Приглашение было сделано кстати, и после недолгих колебаний Лану решился отправиться в Париж. Ему был сделан самый блестящий прием. Король принял его в отеле Рец. Он уверил его в полной безопасности, возвратил ему все его должности и имения, даже конфискованные имения Телиньи. Он просил лишь уговорить жителей подчиниться его власти. На Лану все это оказывало мало влияния. Не его натуре, чуждой честолюбия и суетности, было свойственно поддаваться подобному приему. Правда, Лану согласился отправиться в Рошель и попытаться склонить ее к миру, но он согласился на это лишь при том условии, что его действия будут вполне свободны и что он будет действовать в пользу мира лишь дотоле, пока его действия не станут изменою общему делу[934]. Он как бы оставлял за собою право в случае нужды явиться не миротворцем, а защитником Рошели против правительства.
Король согласился на все. Его желание установить прочный мир в королевстве было так сильно, что, посылая Лану и принимая его условия, он не замечал, что увеличивал затруднения, что присутствие Лану в Рошели в качестве губернатора, избранного народом, увеличит шансы на торжество дела гугенотов, что военные способности Лану будут причиною слишком долговременной осады. Он забывал прежнюю деятельность Лану.

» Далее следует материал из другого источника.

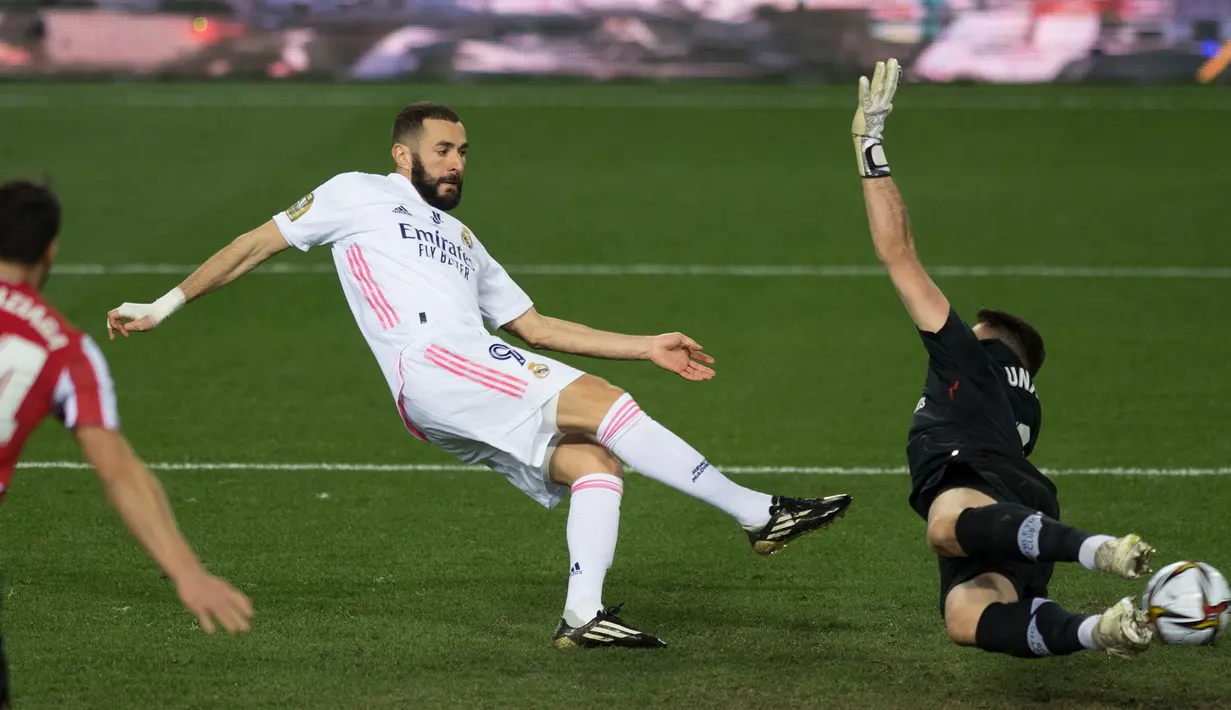 Striker Real Madrid, Karim Benzema (tengah) melepaskan tendangan yang berbuah gol untuk timnya ke gawang Athletic Bilbao dalam laga semifinal Piala Super Spanyol 2020/21 di La Rosaleda Stadium, Malaga, Kamis (14/1/2021). Real Madrid kalah 1-2 dari Athletic Bilbao. (AFP/Jorge Guerrero)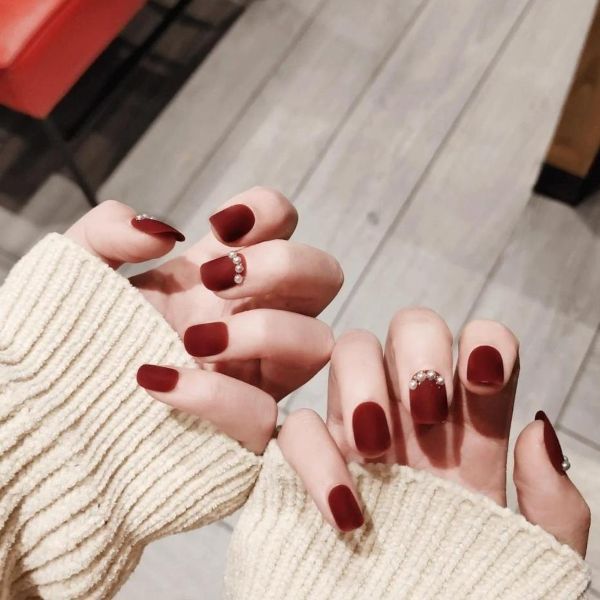 Elegant red nail designs for wedding receptions with matte burgundy nails and delicate crystal accents - Tee Art Online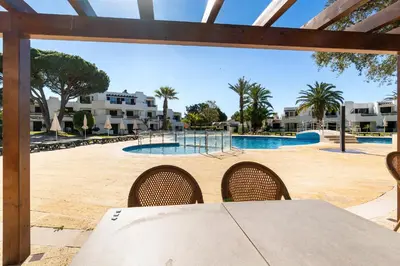 a swimming pool with a stone wall around it at Apartments Maria - Balaia 702 in Albufeira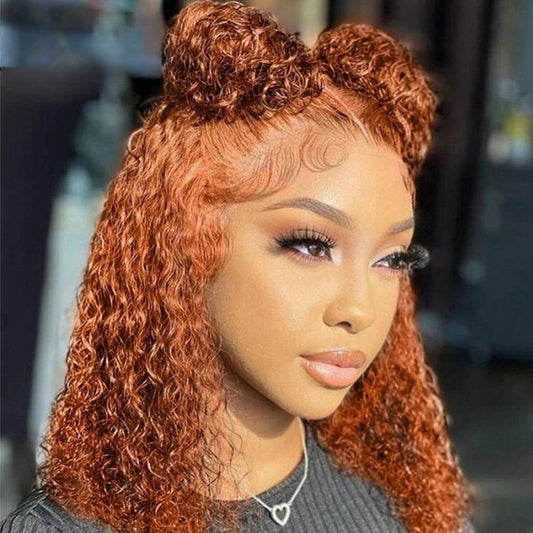 A woman wearing an orange red water wave bob wig with voluminous curls and a chic bob cut.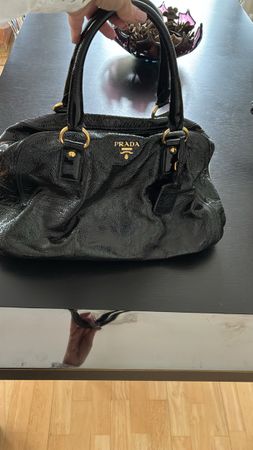 Black patent leather Prada handbag
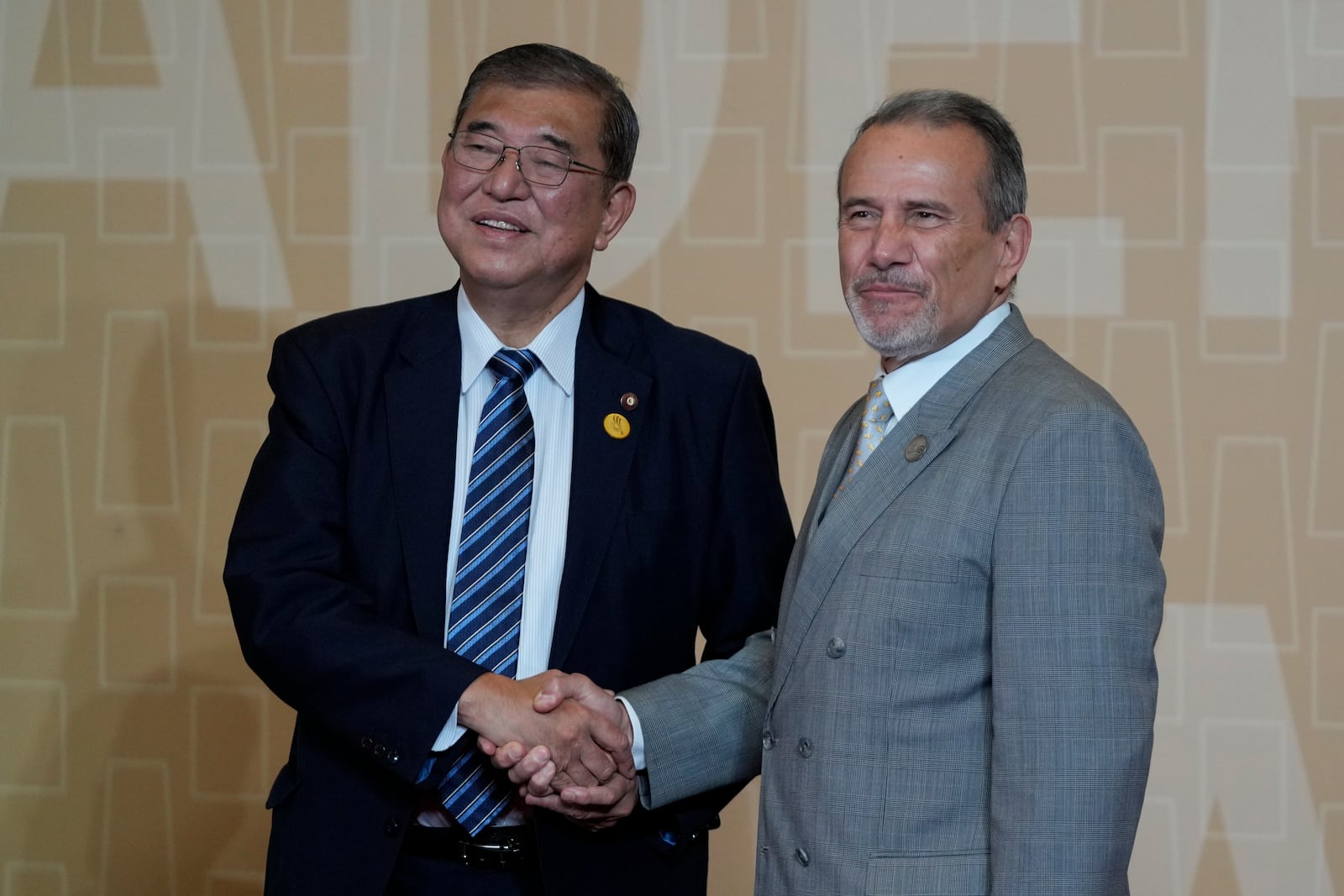 Peru's Foreign Affairs Minister Elmer Schialer, right, welcomes Japan's Prime Minister Shigeru Ishiba to the Asia-Pacific Economic Cooperation (APEC) leaders meeting in Lima, Peru, Saturday, Nov. 16, 2024. (AP Photo/Fernando Vergara)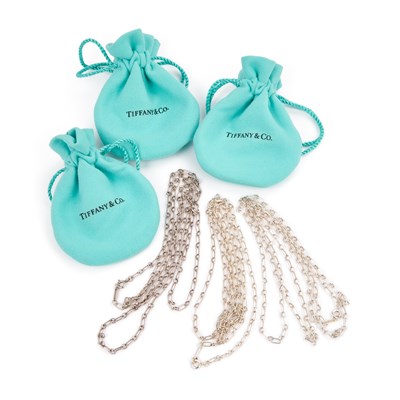Lot 493 - TIFFANY & CO, THREE MATCHING SILVER LONG AND SHORT LINK CHAIN NECKLACES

Сопровождаемый флорентинцем Гаданьи (Gadagne)[935], Лану отправился в Рошель. Но он понимал и знал все то влияние и значение, каким пользовались в Рошели пасторы. Он знал, что его прибытие в Рошель вызовет целую бурю против него со стороны консисториальной партии. Поэтому, на пути в королевский лагерь под Рошелью, встретившись с одним из пасторов, он упросил его отправиться в Рошель в качестве посла. Он употребил все то, что было в его власти, чтобы убедить пастора, что его намерения чисты, что его уважение и преданность церкви оставались в прежней силе, что обещание, данное им королю, не заставить его поступить во вред интересам религии[936]. Пастор согласился.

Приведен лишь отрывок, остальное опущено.